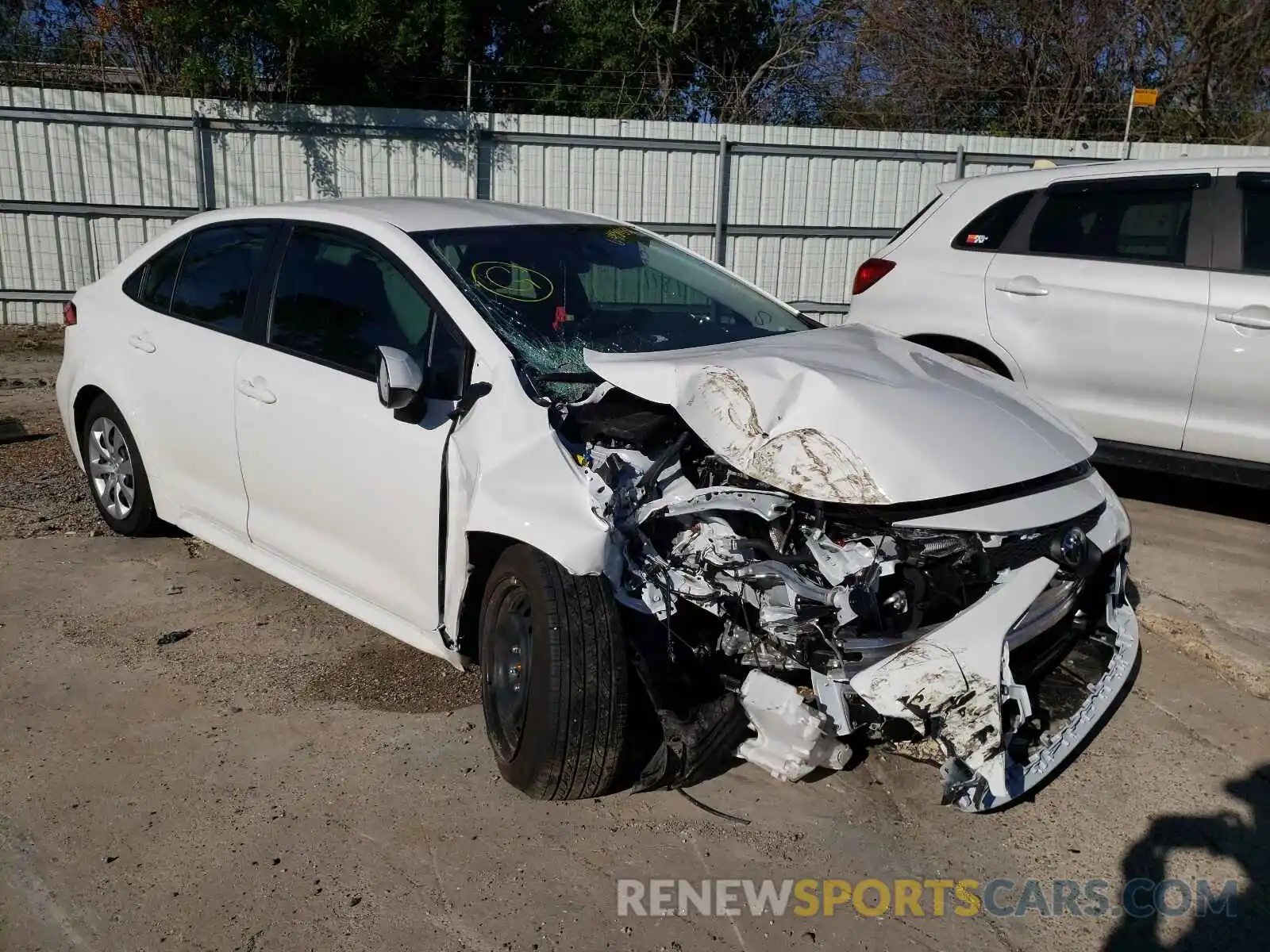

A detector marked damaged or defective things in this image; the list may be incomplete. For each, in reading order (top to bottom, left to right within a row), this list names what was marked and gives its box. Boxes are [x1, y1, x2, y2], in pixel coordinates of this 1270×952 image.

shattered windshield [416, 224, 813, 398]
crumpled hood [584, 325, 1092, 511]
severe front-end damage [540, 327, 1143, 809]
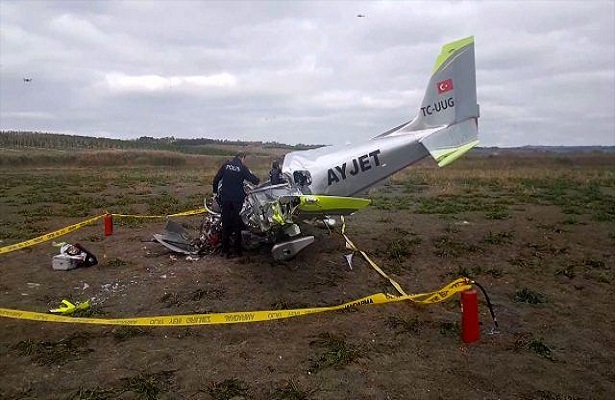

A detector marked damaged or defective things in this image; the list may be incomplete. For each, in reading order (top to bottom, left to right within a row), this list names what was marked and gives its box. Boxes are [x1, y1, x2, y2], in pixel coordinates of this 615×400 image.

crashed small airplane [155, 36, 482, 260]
...
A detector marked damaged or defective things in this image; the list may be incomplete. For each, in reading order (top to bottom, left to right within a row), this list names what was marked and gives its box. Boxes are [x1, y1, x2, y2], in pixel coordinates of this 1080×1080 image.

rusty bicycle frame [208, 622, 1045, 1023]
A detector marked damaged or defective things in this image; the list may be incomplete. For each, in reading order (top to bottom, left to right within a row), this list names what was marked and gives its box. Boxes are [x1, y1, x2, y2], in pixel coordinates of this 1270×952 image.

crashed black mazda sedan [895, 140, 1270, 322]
* * *
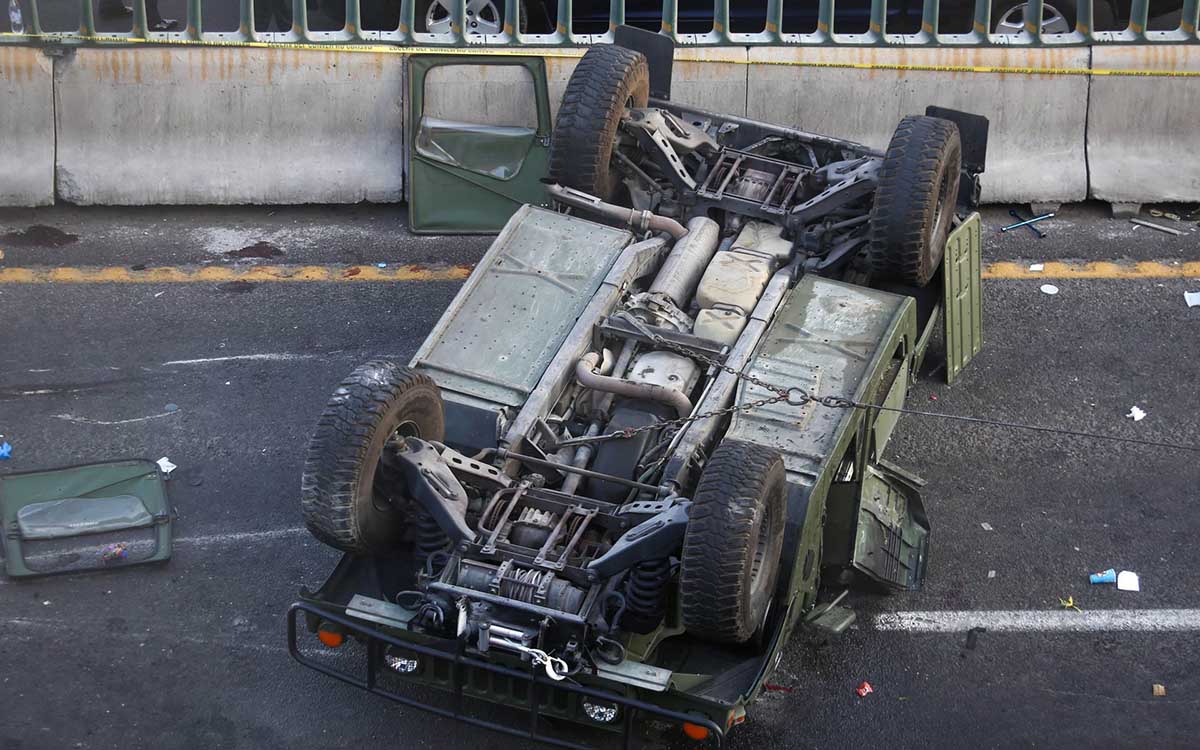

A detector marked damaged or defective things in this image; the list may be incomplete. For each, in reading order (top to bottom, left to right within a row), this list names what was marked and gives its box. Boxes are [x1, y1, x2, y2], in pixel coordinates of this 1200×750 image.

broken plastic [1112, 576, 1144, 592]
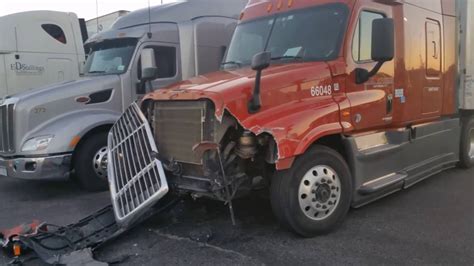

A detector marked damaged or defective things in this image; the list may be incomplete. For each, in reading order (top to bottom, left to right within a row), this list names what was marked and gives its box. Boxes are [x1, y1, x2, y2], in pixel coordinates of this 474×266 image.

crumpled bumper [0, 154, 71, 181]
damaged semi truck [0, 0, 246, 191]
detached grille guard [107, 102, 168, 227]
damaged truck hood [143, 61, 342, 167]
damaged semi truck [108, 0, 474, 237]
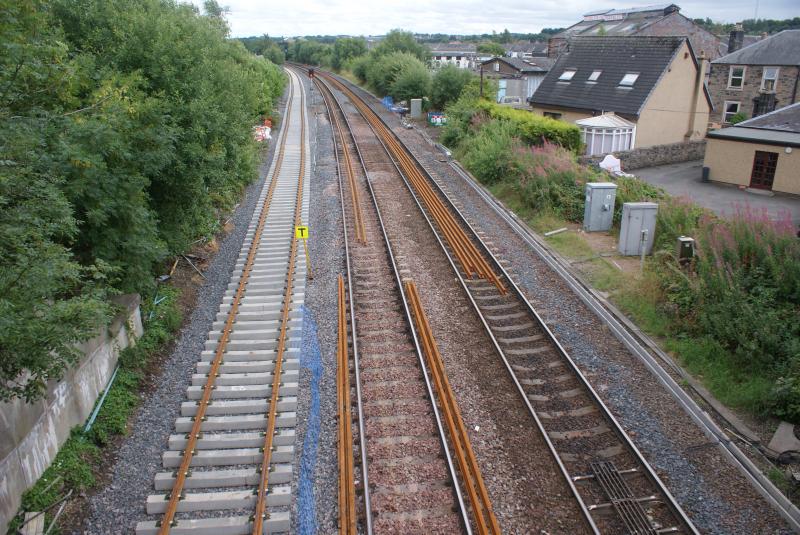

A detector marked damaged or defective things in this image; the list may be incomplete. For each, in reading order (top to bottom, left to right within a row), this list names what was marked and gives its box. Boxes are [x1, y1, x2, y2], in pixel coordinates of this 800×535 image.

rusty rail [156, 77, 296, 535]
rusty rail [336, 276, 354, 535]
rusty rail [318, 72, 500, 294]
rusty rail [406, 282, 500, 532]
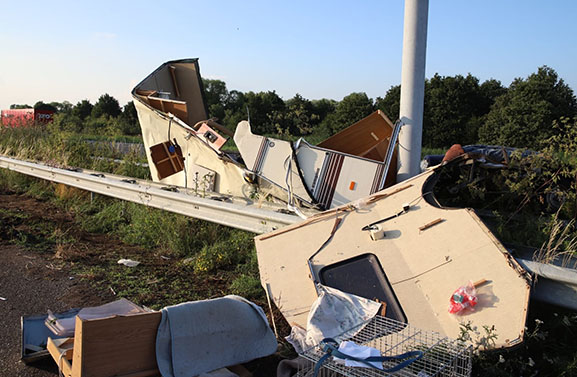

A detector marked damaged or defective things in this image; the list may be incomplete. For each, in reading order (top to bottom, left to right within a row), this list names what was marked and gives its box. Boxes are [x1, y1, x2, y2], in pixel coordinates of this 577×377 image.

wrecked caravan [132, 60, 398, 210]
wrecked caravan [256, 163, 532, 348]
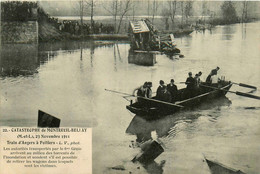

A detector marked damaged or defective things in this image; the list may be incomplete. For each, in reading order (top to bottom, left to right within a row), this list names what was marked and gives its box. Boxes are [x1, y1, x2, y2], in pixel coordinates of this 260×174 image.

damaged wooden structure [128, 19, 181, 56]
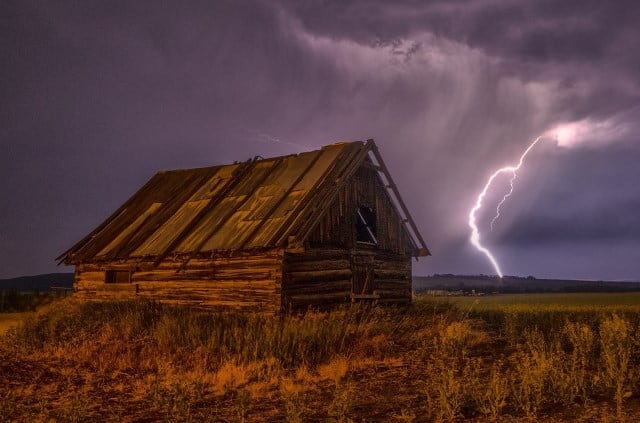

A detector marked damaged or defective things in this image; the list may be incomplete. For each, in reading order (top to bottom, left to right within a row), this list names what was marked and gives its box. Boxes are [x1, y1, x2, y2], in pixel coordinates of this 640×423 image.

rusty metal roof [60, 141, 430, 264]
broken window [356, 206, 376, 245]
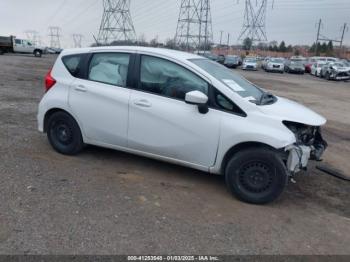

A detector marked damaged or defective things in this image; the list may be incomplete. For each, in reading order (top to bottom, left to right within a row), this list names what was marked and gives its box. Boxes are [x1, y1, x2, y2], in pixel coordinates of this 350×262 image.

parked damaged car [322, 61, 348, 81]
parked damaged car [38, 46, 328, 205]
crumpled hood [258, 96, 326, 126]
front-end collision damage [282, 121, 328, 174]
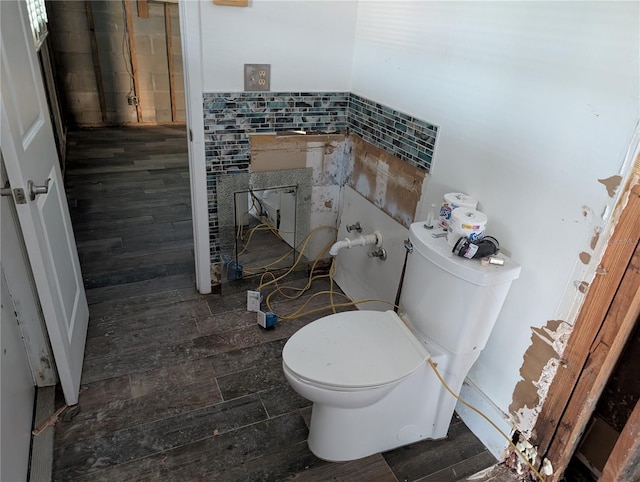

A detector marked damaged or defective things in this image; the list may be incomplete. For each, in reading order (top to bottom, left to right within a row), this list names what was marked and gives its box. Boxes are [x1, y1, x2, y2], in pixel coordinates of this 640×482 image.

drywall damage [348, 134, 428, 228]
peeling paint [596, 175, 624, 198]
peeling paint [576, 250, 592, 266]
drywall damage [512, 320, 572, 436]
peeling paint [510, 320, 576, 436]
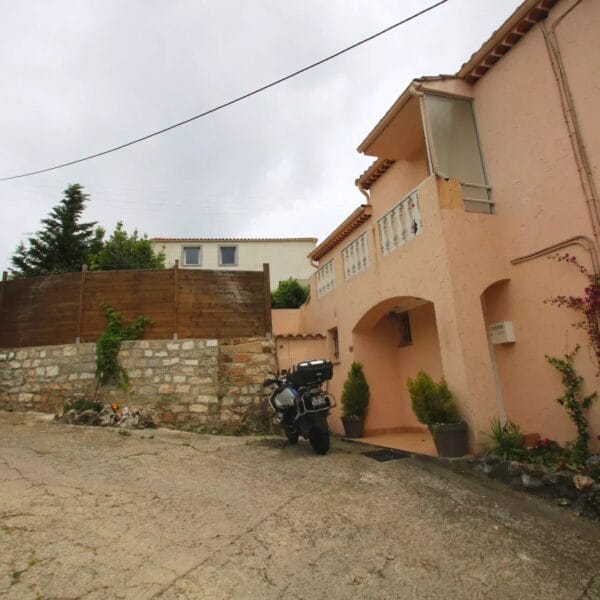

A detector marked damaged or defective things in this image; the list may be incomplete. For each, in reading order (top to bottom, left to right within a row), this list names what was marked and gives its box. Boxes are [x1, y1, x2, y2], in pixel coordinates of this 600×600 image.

YOUR OBJECTIVE -> In the listing above, find the line containing "this 640×482 image." and the line containing "this 600×600 image.", then output those two lines and everything between them exactly as written, without the images.

REPLY ->
A detector marked damaged or defective things in this image; the list may be incomplete. For each, in reading order (top to bottom, left to right within a row), this list names what was marked and gives its box. Boxes are [x1, y1, x2, y2], in pixel coordinates of this 640×482 image.

drywall damage [348, 134, 428, 228]
peeling paint [596, 175, 624, 198]
peeling paint [576, 250, 592, 266]
drywall damage [512, 320, 572, 436]
peeling paint [510, 320, 576, 436]

A detector marked damaged or defective things in this image; the list may be incomplete. For each, in reading order (top to bottom, left to right within a row), this list names what was marked and gives its box. Boxes are [x1, y1, x2, y2], in pixel coordinates of this 600×600 image.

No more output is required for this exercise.